Estos cargos se remontan al año 2018 cuando la Comisión Europea determinó que el gigante tecnológico abusó de su posición dominante de Android para obligar a los fabricantes de móviles a preinstalar aplicaciones como Google Search y su navegador Chrome para poder incluir la tienda Google Play Store.



Este fallo por parte del Tribunal de Justicia de la Unión Europea cierra un periodo de litigios judiciales que se han extendido a lo largo de ocho años. De hecho, al ser una sentencia del Tribunal de Justicia de la Unión Europea, la decisión es definitiva e inapelable. Esto significa que el gigante tecnológico no tendrá opciones de recurso.



Por tanto, se tendrá que enfrentar al pago de 4.125 millones de euros, una cifra menor que la multa inicial de 4.340 millones de euros que la Comisión Europea estableció en 2018, y que el Tribunal General de la Unión Europea rebajó en 2022 tras anular parte de las acusaciones relacionadas con acuerdos de reparto de ingresos.



"Android provee más elecciones para todo el mundo y ofrece soporte a miles de negocios. Esta sentencia no reconoce nuestra inversión significativa para asegurar que Android se mantenga abierto, interoperable y gratuito", ha afirma un portavoz de Google a CNBC ante el fallo del Tribunal de Justicia de la UE.

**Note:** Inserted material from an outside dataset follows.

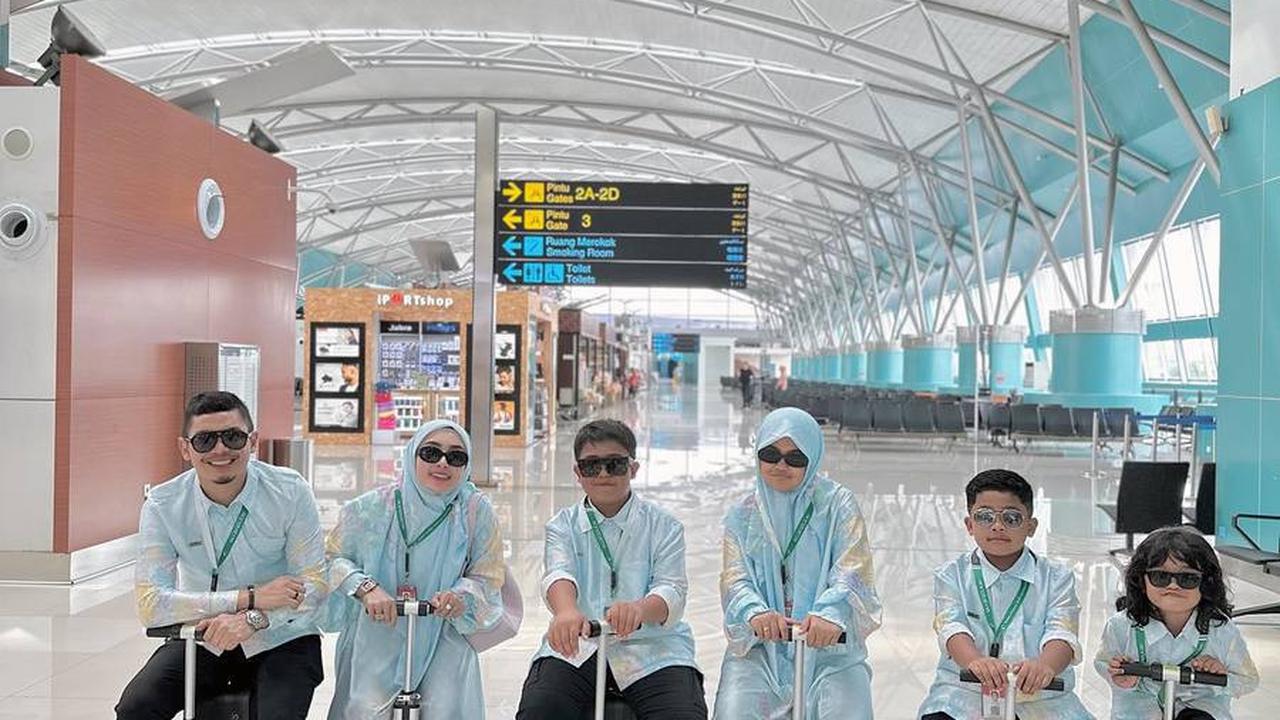 Umrah Bersama Anak dan Suami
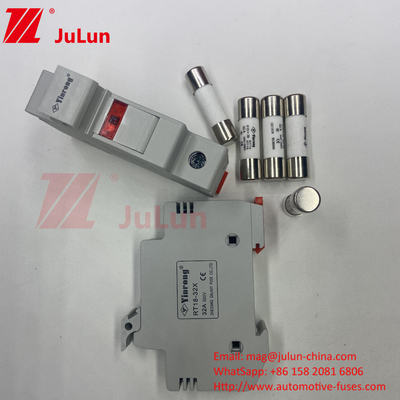 1000VDC 30kA Fuseau solaire photovoltaïque céramique 10*38 DC Base du fusible solaire photovoltaïque et fusible 1000V 15A 20A 25A 30A 32A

No obstante, esta defensa por parte de Google sobre la apertura de Android contrasta con las críticas que está recibiendo la tecnológica por el nuevo sistema de verificación de desarrolladores que, a partir de septiembre de 2026, exigirá identidad verificada para incluso instalar aplicaciones fuera de Play Store, lo que se ha convertido en un punto de conflicto con varios desarrolladores y organizaciones de código abierto.



Finalmente, las repercusiones futuras de esta sentencia firme del Tribunal de Justicia de la Unión Europea permitirán presentar demandas civiles independientes citando el fallo como prueba de conducta anticompetitiva, sin tener que probar la infracción desde cero.